Oleh karena itu, Fuad menerangkan, para pemimpin dan tokoh Islam sejak awal lahirnya Negara Kesatuan Republik Indonesia (NKRI) menerima dasar negara Pancasila. Hal itu bukan saja karena umat Islam memiliki andil besar dan menentukan dalam perjuangan merebut dan mempertahankan kemerdekaan serta dalam pembentukan negara, tetapi karena tidak ada satu pun dari lima sila Pancasila itu yang bertentangan dengan ajaran Islam.
Umat Islam yang diwakili oleh para ulama, pemimpin dan tokohnya, menerima Pancasila bukan karena alasan taktis-politis, tetapi karena alasan teologis- filosofis. "Saya menerima Pancasila, terutama sila Ketuhanan Yang Maha Esa, karena saya adalah orang Islam," ini disampaikan tokoh pejuang kemerdekaan dan diplomat Mohamad Roem (1908-1983).
Fuad mengatakan, Pancasila dipandang sebagai dasar negara yang paling tepat untuk eksistensi NKRI. Tantangan bangsa Indonesia di masa kini dan mendatang adalah mengaktualisasikan secara konsekuen Pancasila sebagai pedoman dalam mewujudkan masyarakat adil dan makmur yang diridhai Allah.
"Pancasila bukan sekadar semboyan untuk dibaca dan dihafalkan. Pancasila adalah ideologi yang hidup (the living ideology) dan harus ditegakkan untuk memayungi kebhinekaan bangsa. Ideologi apapun kalau tidak dijalankan dalam kehidupan nyata bernegara tak akan memberi pengaruh dalam kehidupan masyarakat, bangsa dan negara," jelasnya.
Fuad mengingatkan, di bawah panji-panji falsafah dasar negara Pancasila, semua anak bangsa dengan jiwa besar semestinya menghormati keragaman dan mendialogkan perbedaan guna menemukan titik persamaan dalam Bhinneka Tunggal Ika. Pembangunan manusia dan kebudayaan, hukum, politik, demokrasi, hak asasi manusia, ekonomi, teknologi, kemaritiman, kerjasama internasional dan sebagainya, haruslah senantiasa mencerminkan nilai-nilai fundamental Pancasila sebagai jatidiri bangsa.

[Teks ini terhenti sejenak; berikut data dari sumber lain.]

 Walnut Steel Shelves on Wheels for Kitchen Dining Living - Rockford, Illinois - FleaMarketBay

"Pengembangan Pancasila tidak dapat dipisahkan dari jiwa dan semangat beragama. Sekularisme dan liberalisme dalam bentuk apapun bertentangan dengan Pancasila," tegas Fuad.

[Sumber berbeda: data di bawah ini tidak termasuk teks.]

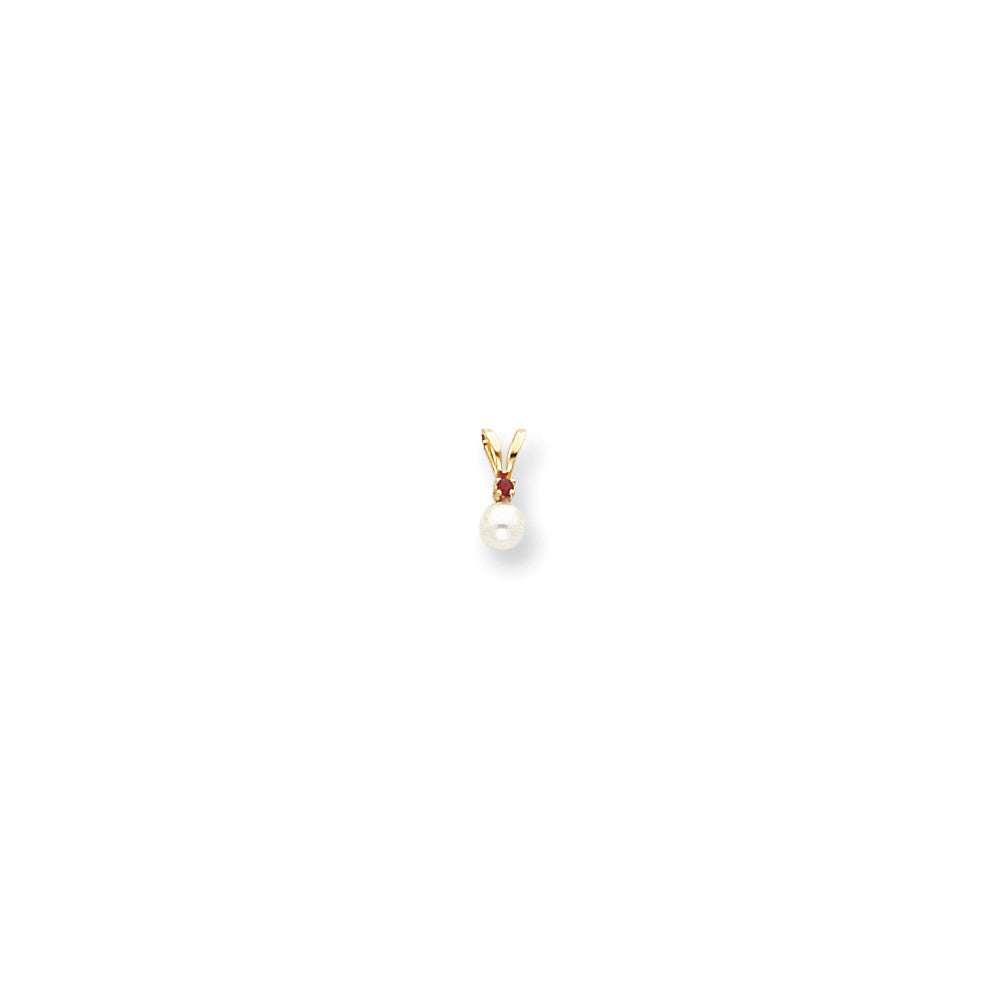 Image of ID 1 14k Yellow Gold Diamond 4mm White Cultured Pearl & Ruby Pendant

Fuad mengatakan, pemikiran para pendiri bangsa perlu dibaca dan dipahami oleh generasi muda agar tidak terombang-ambing dalam menjaga NKRI mengharungi samudera masa depan. Segenap elemen bangsa perlu menahan diri untuk tidak memperuncing hal-hal yang bisa menimbulkan kesalahpahaman dan pertentangan di kalangan umat beragama dan sesama warga bangsa. Dalam hubungan ini, benturan dan intoleransi antara keyakinan agama dan ideologi negara perlu dicegah dan dihindari.